Prostate Cancer Biomarkers
This data set was obtained by surface-enhanced laser desorption/ionization (SELDI). This method allows an investigator to detect and resolve multiple proteins bound to protein chip arrays (Merchant and Weinberger 2000). This approach was used by Qu et al. (2002) to discriminate prostate cancer from non-prostate cancer patients. The promise of this approach is that a panel of multiple biomarkers can be used to distinguish important phenotypes such as cancer status. However, great care must be taken to pre-process and analyze the data appropriately to ensure generalizability of results.
The example data set consists of serum samples collected from 165 men, 84 of whom had prostate cancer.

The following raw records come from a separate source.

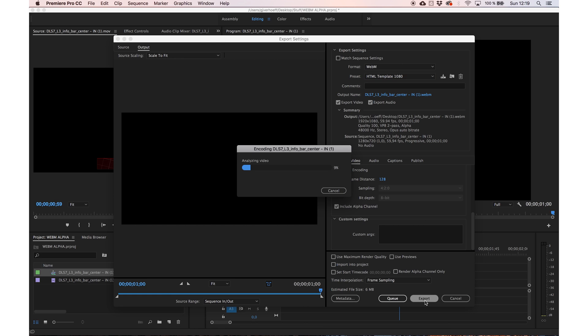I will upload some of the presets and you can find them in the description. And that's basically it, you can render a WebM with Alpha.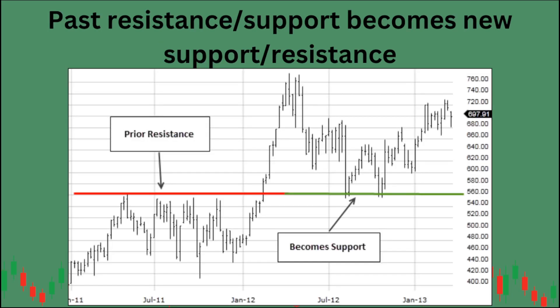Prior resistance becomes new support. We can see this in the chart — back in July, June, and January the stock topped out at about $560. Once it broke through that level, the stock used that same level as support. Prior resistance becomes new support, and vice versa — past support also becomes new resistance. That's why you always keep these lines drawn within your chart.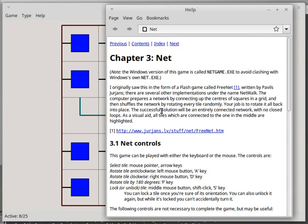Hi, this is a tutorial of another one of Simon Tatham's puzzle games. I had another video where I talked about the various places to get these games. They're available on Windows, Linux, iOS, Android, and I'll have links under the video about how to get them.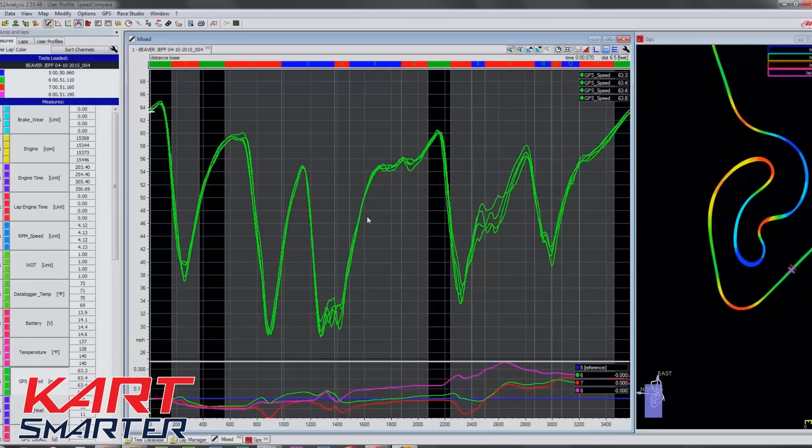This technique requires only two graphs: a speed trace with your GPS speed and a GPS track map. The track map is there on the side to show you where you are, and the speed trace is what we're going to focus on to do our work. This technique is outstanding for improving yourself as a driver — it's a huge aid.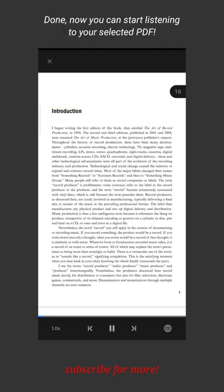Done! Now you can start listening to your selected PDF. Have a good time! Subscribe for more!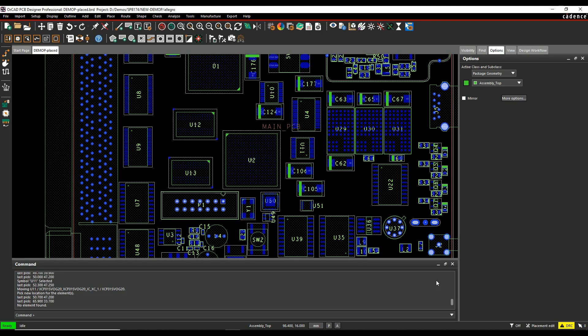Okay, this how-to video is going to show you how to use some of the alignment features inside the Cadence PCB tools.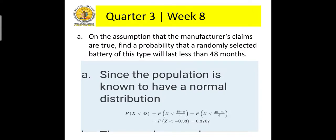Since the population is known to have a normal distribution, the probability of randomly selecting a battery of this type that will last less than 48 months is equal to the probability of Z less than 48 minus 50 all over 6, or that is equivalent to the probability of Z less than negative 0.33. By looking at our Z distribution table, we can get a value of 0.3703, or 37.07%.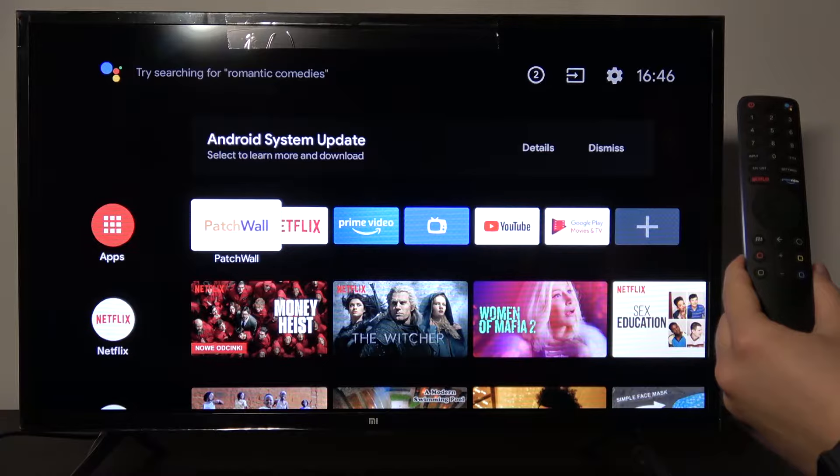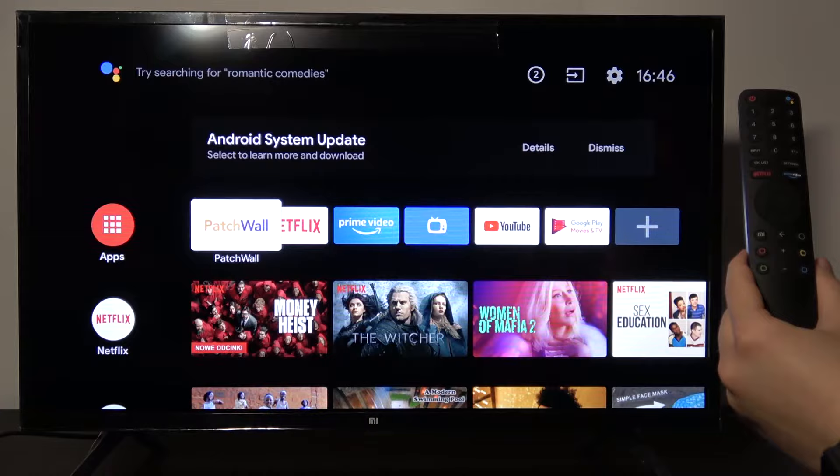Welcome! This is a Xiaomi LED TV4A and today I will show you how to change the parental preferences.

The remaining 81 men are considered to be controls. The primary goal is to determine differences in protein expression between these groups.
Additional Data Sets
Some of the examples discussed in this manual use data sets, not included with JMP Genomics software, nor described here. Where applicable, these additional data sets are described in relevant chapters. We attempted to use publicly available data sets wherever possible, and have included instructions on where and how you can obtain these data as they are encountered in this manual.